While most students welcome this support, some worry a mentor will infringe on their independence, or create a chore for them. What is the mentor experience really like? Here's what some former WGU students had to say.
Alina Cuellar was not excited about having a mentor. She had always been successful doing things on her own and was apprehensive about having a call every week with someone the university assigned.
"Why would I want someone telling me what to do, asking me things, being intrusive, and planning my schedule?" Alina wondered.
However, when Alina hit some roadblocks along the way, her mentor, Emily, helped her persevere.

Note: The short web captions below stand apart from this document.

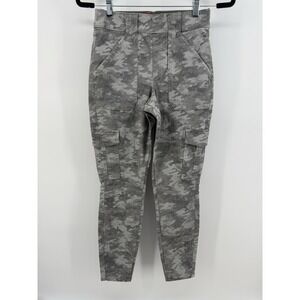 SPANX‎ Stretch Twill Ankle Cargo Pants Pull On Women's M Gray Camo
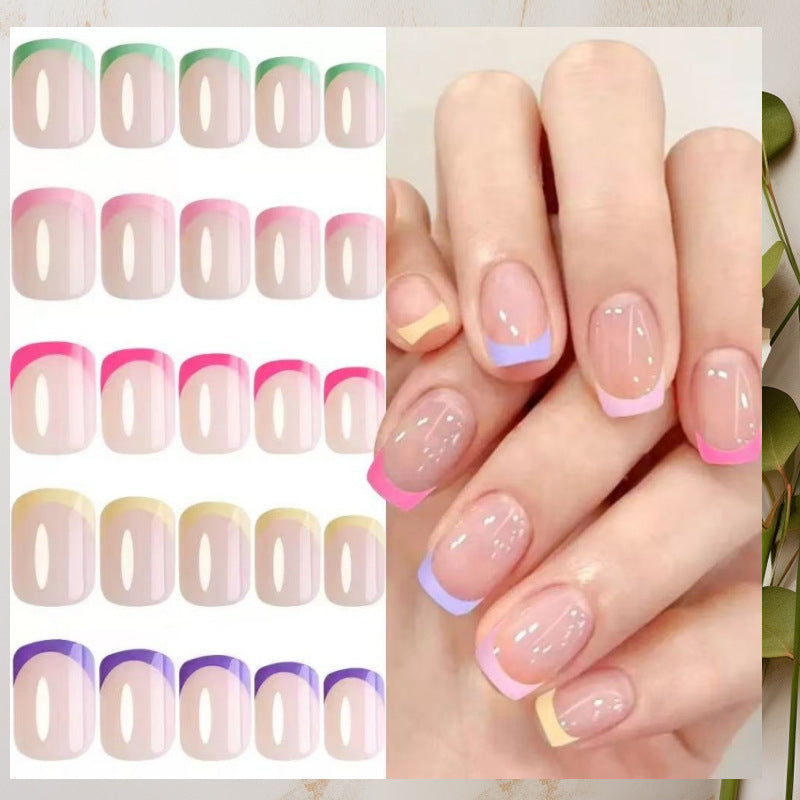 Artificial Nail Set with Flexible French Tips Bowlift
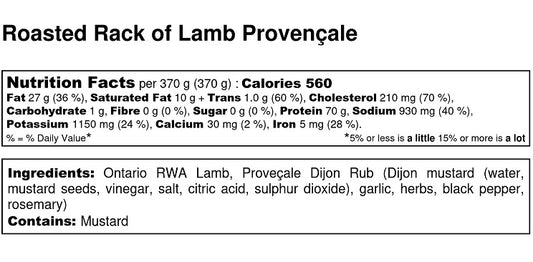 Roasted Rack of Lamb Provençale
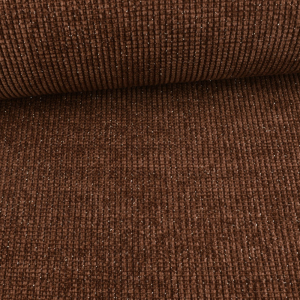 Tissu tricot chenille avec fil pailleté marron...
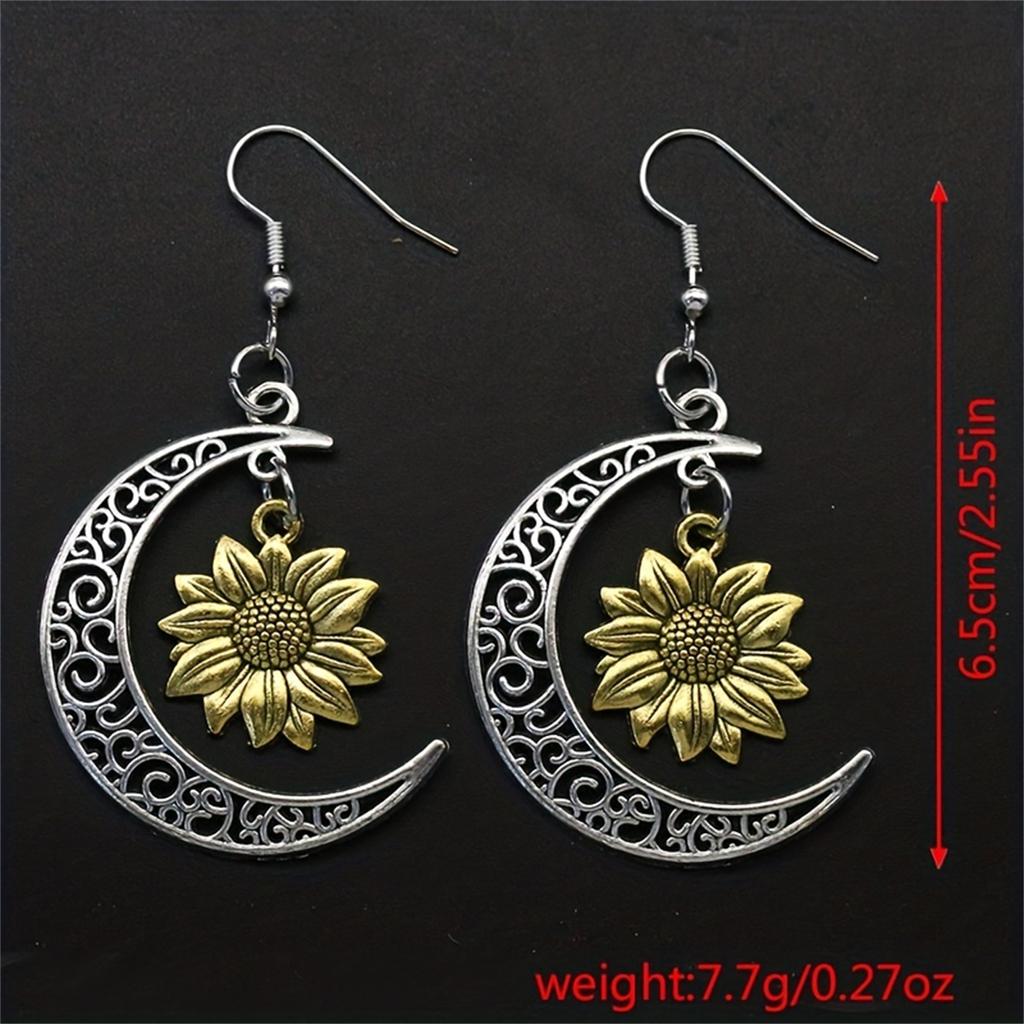 Изысканные резные серьги-подвески с лунным подсолнухом, элегантный стиль, сплав, ювелирные изделия в стиле бохо, нежный женский подарок
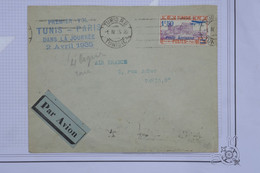 AU16 TUNISIE  BELLE LETTRE 1935 TUNIS  POUR PARIS  +GRIFFES +SURCHARGES 1F50++ + AFFR. PLAISANT - Poste Aérienne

"She kept me on track and organized," Alina said. "Emily listened to everything I had questions or comments about."
"She is the reason I stayed in school towards the end," Alina said.
Alina's advice to new students is to keep an open mind when it comes to being assigned a mentor.
"I could not have gotten this far without Emily," Alina said. "If everyone had an 'Emily,' they could experience college the way I have and be successful."
WGU students select their courses and plan their program in a way that makes the most sense for them. This allows them to complete a degree when and where it works for them, unlike most college programs, which require students to follow a prescribed schedule.
Rebecca Gimenez completed her master's degree in just 18 months and believes it would have taken a lot longer had she not had her mentor walking her through the process.
"My mentor helped me plan out a projected timeline for my whole graduate degree and then each semester," Rebecca said. "She asked me what I wanted to accomplish and divided out my classes to make it possible."
When things didn't go according to plan, Rebecca's mentor helped her readjust.
"Sometimes I got a little overly ambitious and then couldn't finish what I wanted to that semester," she said. "My mentor reassured me that everything would still work out just fine. Then she helped me figure out how to make the most of the semester and how to get back on track for the next semester."
For students who worry their mentor will become too involved or want to communicate more often than they'd like, Rebecca was reassuring.
"Your mentor is there to ask you what you want, where you want to go, and how you plan to get there," she said. "It's basically all up to you. They are there to help you plan it out and get your classes organized, so you can do it."
Rebecca said her mentor was flexible in terms of how often they connected. The two maintained a weekly check-in call throughout her entire program, which she found helpful and motivating.
"I actually looked forward to her calls every week," she said. "I would even stay up late sometimes the night before she was going to call, just so I could tell her I finished a certain assignment or step."
As the saying goes, "You don't know what you don't know." For Bethany Joyce, having a mentor who knew the requirements helped her meet them.
"My mentor kept me up to date on graduation requirements, testing requirements, and timelines to complete my degree," Bethany said. "I was struggling with a class at one point, and she let me know I could change to a different class and still satisfy the requirement I needed."
Bethany said she might not have received credit for the course, and instead would have had to retake it, if her mentor hadn't known the requirement and helped her find an alternative way to meet it.
"She also helped me connect with other students in the classes I was taking for study groups," Bethany said. "She gave me tips for finding research articles in the library and answered all my questions, no matter how silly or complicated."
WGU students agree: mentors are a source of unwavering support and encouragement, especially when college gets challenging.
"My mentor was a lot like my personal cheerleader," Bethany said. "She encouraged me when I was feeling low or overwhelmed and celebrated my successes with me."
Bethany said her time at WGU would have been much more difficult without the help and support of her mentor and credits her mentor with helping her successfully complete her degree.
"A mentor is someone who is 100 percent in your corner, doing everything they can to help you achieve your goals," she said. "I felt supported and accepted. I had someone on my team within the school. I highly recommend having a mentor."